**Stored data entries**
##########

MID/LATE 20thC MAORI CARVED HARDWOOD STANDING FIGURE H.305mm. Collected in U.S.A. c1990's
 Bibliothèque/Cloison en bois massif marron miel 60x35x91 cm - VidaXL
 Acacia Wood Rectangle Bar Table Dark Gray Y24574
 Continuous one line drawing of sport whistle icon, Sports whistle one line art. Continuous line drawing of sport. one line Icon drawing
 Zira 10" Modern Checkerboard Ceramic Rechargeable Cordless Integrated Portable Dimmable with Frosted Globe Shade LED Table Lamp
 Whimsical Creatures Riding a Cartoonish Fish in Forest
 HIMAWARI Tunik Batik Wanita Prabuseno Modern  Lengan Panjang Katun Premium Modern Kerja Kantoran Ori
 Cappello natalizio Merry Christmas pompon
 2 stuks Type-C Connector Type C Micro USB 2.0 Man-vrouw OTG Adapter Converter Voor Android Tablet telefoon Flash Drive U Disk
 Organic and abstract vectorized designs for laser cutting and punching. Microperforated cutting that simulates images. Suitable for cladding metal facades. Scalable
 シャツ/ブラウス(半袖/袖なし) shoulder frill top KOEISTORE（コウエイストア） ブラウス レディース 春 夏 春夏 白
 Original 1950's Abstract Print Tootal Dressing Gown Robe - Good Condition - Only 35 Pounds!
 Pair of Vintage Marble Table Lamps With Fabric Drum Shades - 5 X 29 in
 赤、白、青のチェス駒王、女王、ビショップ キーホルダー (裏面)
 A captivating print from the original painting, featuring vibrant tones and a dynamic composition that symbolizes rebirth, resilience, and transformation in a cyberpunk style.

##########

**PROBLEM**
When you write the entries out again, keep every word and mark exactly as it is.

**WRITTEN ANSWER**
MID/LATE 20thC MAORI CARVED HARDWOOD STANDING FIGURE H.305mm. Collected in U.S.A. c1990's
 Bibliothèque/Cloison en bois massif marron miel 60x35x91 cm - VidaXL
 Acacia Wood Rectangle Bar Table Dark Gray Y24574
 Continuous one line drawing of sport whistle icon, Sports whistle one line art. Continuous line drawing of sport. one line Icon drawing
 Zira 10" Modern Checkerboard Ceramic Rechargeable Cordless Integrated Portable Dimmable with Frosted Globe Shade LED Table Lamp
 Whimsical Creatures Riding a Cartoonish Fish in Forest
 HIMAWARI Tunik Batik Wanita Prabuseno Modern  Lengan Panjang Katun Premium Modern Kerja Kantoran Ori
 Cappello natalizio Merry Christmas pompon
 2 stuks Type-C Connector Type C Micro USB 2.0 Man-vrouw OTG Adapter Converter Voor Android Tablet telefoon Flash Drive U Disk
 Organic and abstract vectorized designs for laser cutting and punching. Microperforated cutting that simulates images. Suitable for cladding metal facades. Scalable
 シャツ/ブラウス(半袖/袖なし) shoulder frill top KOEISTORE（コウエイストア） ブラウス レディース 春 夏 春夏 白
 Original 1950's Abstract Print Tootal Dressing Gown Robe - Good Condition - Only 35 Pounds!
 Pair of Vintage Marble Table Lamps With Fabric Drum Shades - 5 X 29 in
 赤、白、青のチェス駒王、女王、ビショップ キーホルダー (裏面)
 A captivating print from the original painting, featuring vibrant tones and a dynamic composition that symbolizes rebirth, resilience, and transformation in a cyberpunk style.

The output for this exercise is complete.